Below us, for as far as my eyes could see, in a valley that stretched to the very edge of the earth, sat thousands of green and grey trucks and jeeps; armored personnel carriers and tanks; military vehicles of every stripe and size, all neatly parked in long straight lines. As a naive fourth grader, I found it hard to take in. There lay spread below us more vehicles than I imagined existed in the entire world.
It was the second time a member of the Brown family stunned me. I was speechless. Then I said, you’re in charge of all of those trucks? Navy Lieutenant Brown smiled, sadly, I thought, then fixed his eyes on mine, like Billie had.
I am, he said.
Editor’s Post Script: This story is grounded in the memories of a fourth-grader of events that occurred almost sixty years ago. The make of Mr. Brown’s car and the nature of the installation visited may or may not be accurate.
After writing this article, Billy Lee learned that Mr. Brown, sadly, passed away on May 22, 2012 at age 85 from cancer. After reading old press releases, he discovered that historian Robert J. Schneller had published a book in 2005 about Mr. Brown’s experiences at the Naval Academy called Breaking the Color Barrier. In 1949, it turns out, Midshipman Brown became the school’s first black graduate.
Unknown to Billy Lee, Wesley Brown had become an historical figure. Billy Lee has asked the Editors to add biographical notes to his post.

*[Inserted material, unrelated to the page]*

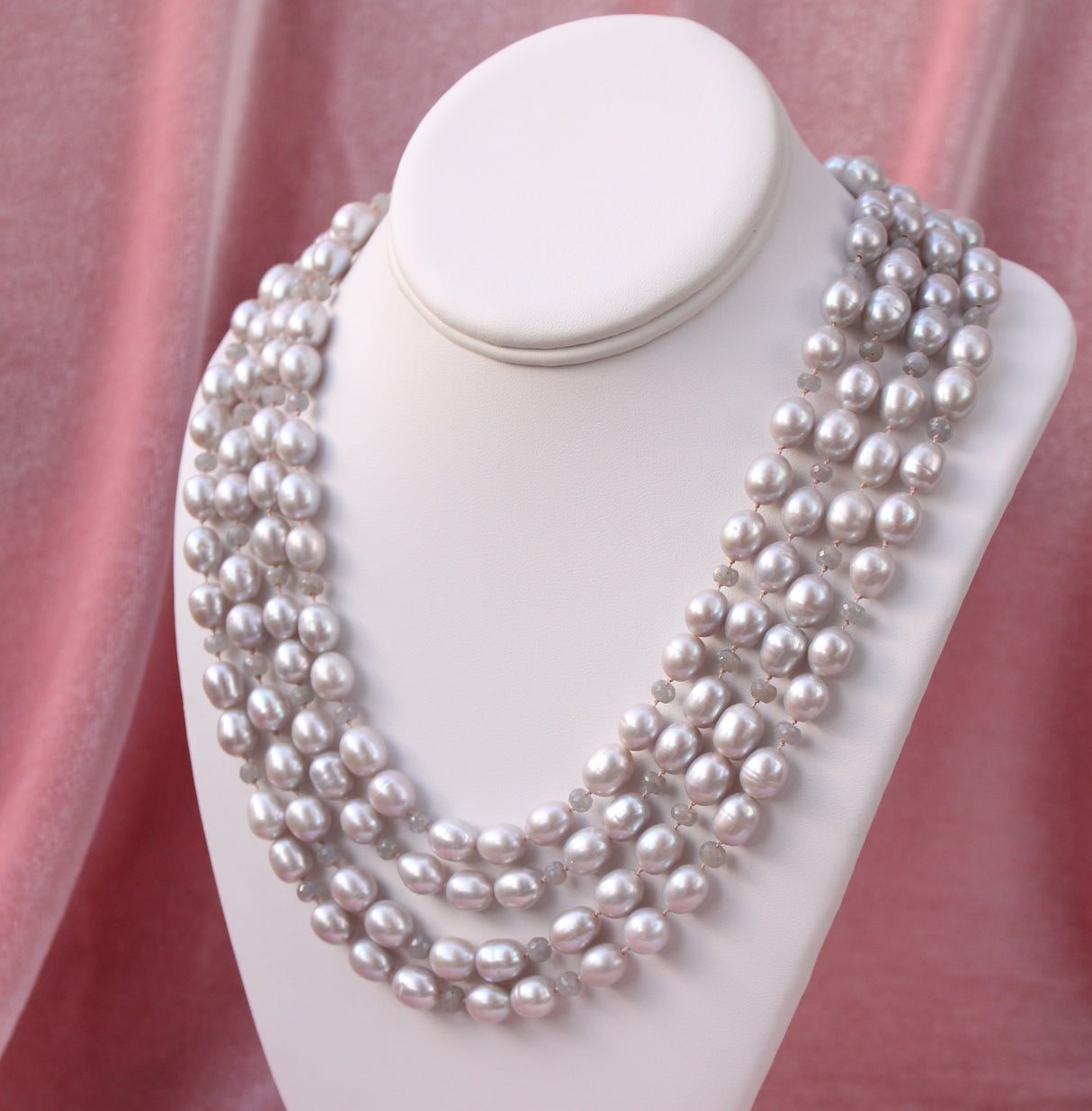 Multi Strand Pearl Necklace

In 1958, neither Billy Lee nor Mr. Brown’s neighbors knew that the young Naval officer owned the distinction of being the first black midshipman to graduate from the Naval Academy. In the racial climate of the 1950’s, an achievement like Mr. Brown’s would have been seen as the exception that proved the rule: Negroes were inferior. It would have been bad taste in polite society to call attention to Lieutenant Brown’s achievement.
None of Wesley’s neighbors, Billy Lee recalls, had any idea of the hell he went through to become a Naval officer. In any event, white people in 1958 were so blinded by racism that they would have thought, had they known: Wesley’s accomplishment was of no consequence; it was not worth mentioning or even thinking about.
It’s hard to believe now, but white Americans in 1958 didn’t know their country had a race problem.